Sunday, August 3, 2014

Eye Openers

I’m participating in a Bible Study with some moms from Tyler’s school and it has been challenging us all to give up certain items each week. We started off with food. I chose to just buy for the week instead of stocking up. This was a breeze considering nothing stays in our pantry more than 5 minutes with the amount of kids we have. Then, we moved on to clothing. This I loved because I enjoy purging and am constantly looking for things to give away. I try to my best ability to not hold on to things if they aren't absolutely needed. It also helps to have a husband who cares nothing about material things.
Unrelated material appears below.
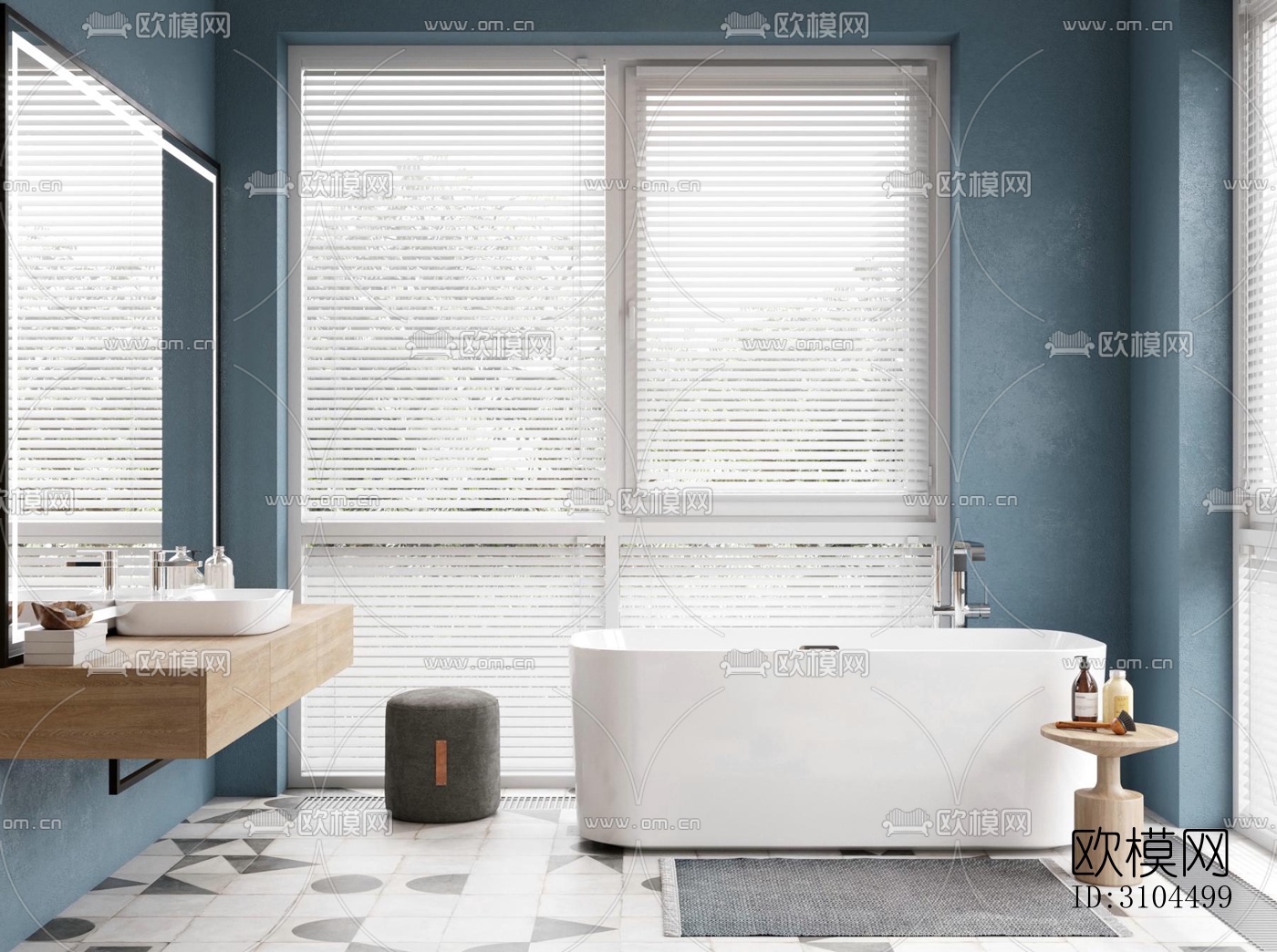 北欧卫生间效果图下载（渲染图4）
He’d be fine with one shirt and one pair of jeans, a chair and a lamp—that’s all. 

The last experiment, give up MEDIA. I was excited about this one, but it has been hard. I decided to give up TV and Facebook because these are the things I do when I feel tired or unmotivated. You know what I realized? I waste so much time watching mindless shows and looking at Facebook. Don’t get me wrong, both of those things are good in moderation. But, I was using them as a numbing tool and to avoid what I need to do. I have done so many amazing things since I started fasting: tons of laundry, organizing and reorganizing, reading, devotions and journaling. I have done puzzles, gone on walks, cooked—it’s amazing! I haven’t cleaned though, that will come when I am desperate for something to do! I was hoping that this time would be used as a writing reboot. So, many things go through my mind and I often don’t get them typed up or written down because of distractions. It’s been good to be free from these activities and my passion for writing has definitely been reignited.
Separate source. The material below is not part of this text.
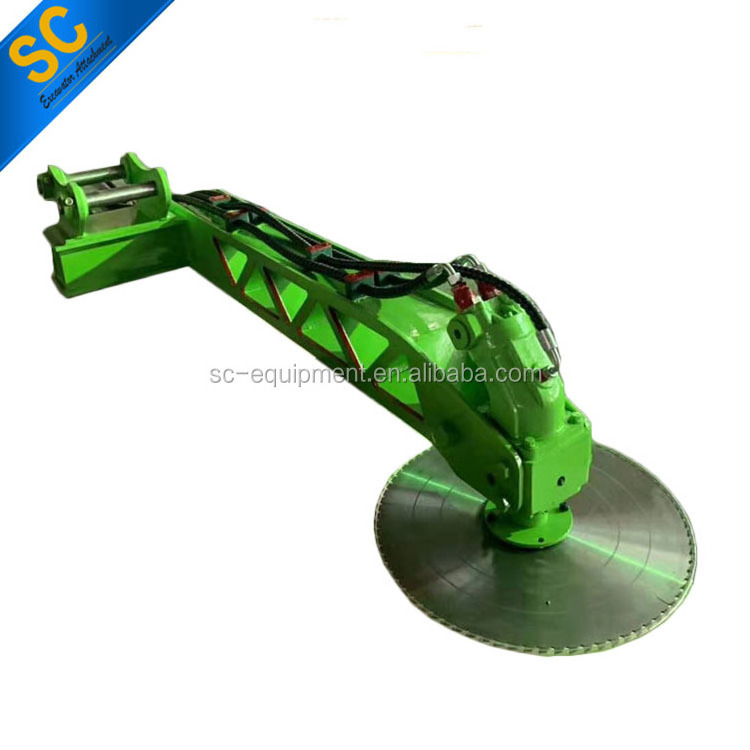 excavator mounted circular blade saw cutter for trimming and limbing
I haven’t blogged since February, BUT so many things have happened. The last couple of months have been full of eye openers. For the most part, my life has been drama free. Yes, this is quite different from the past where I was either in throws of drama myself or engaged in someone else’s drama. I noticed that God has pretty much moved out the people in my life that filled it with drama. Initially, I freaked out, not knowing my purpose. I have been in crisis or handling other people’s crisis for years. What now?

The cool thing is God has been teaching me is who I am and how to best use my gifts. One of my gifts is to be like a “triage” for hurting people. In a crisis, I can encourage and strengthen them. I can problem solve and direct. Then, I turn them over to long termers—the people who God has gifted with time and perseverance to hang in for the long journey ahead.
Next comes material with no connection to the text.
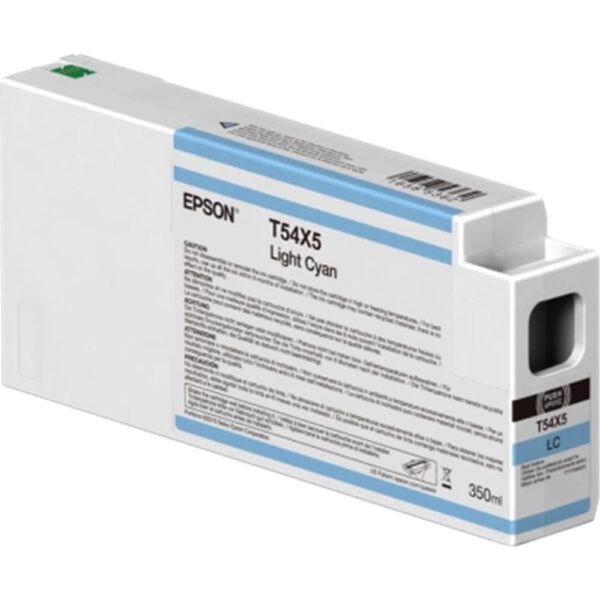 *Cartucho tinta epson t54x500 ultrachrome hdx - hd light cyan 350ml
I’ve also learned that the pain of the past is no longer my story!  If you’re one of my followers, you know that I dread the month of April. The thought of walking through Mer’s death anniversary is overwhelming. My mind and heart are always twisted in knots as I prepare for the 14th. This time of the year is always difficult. As I was approaching Mer’s 6th death anniversary, I was asked to speak at a women’s event. I struggled so much with my talk, I could not find a focus and I couldn’t get the right flow. When I presented my story, I felt rusty and I knew something wasn’t quite right. It wasn’t until afterwards that I realized my story is no longer just about the pain of the past. My story has been transformed to how God heals and blesses. It is a journey of redemption and resilience because of God’s grace and mercy. My eyes were opened that day as a new direction was given to me. This song began to play right after my revelation:

You make beautiful things
You make beautiful things 
Out of the dust
You make beautiful things
You make beautiful things out of us
 
(Beautiful Things, First Light Worship)

Yes, there has been so much dust over the years clouding my view of God and myself. I have gone through times of freedom and been through periods of pain and disappointment. But, through those obstacles, God has been refining me and the blessings have indeed been beautiful.  

1 comment:

SheBrews24Seven said...

This post gives me the happiest tears. I smile as I recall writing to you once -years back - this verse: Psalm 126:6, "Those who go out weeping, carrying seed to sow, will return with songs of joy, carrying sheaves with them."

Praising Him for the work He continues to do in and through you.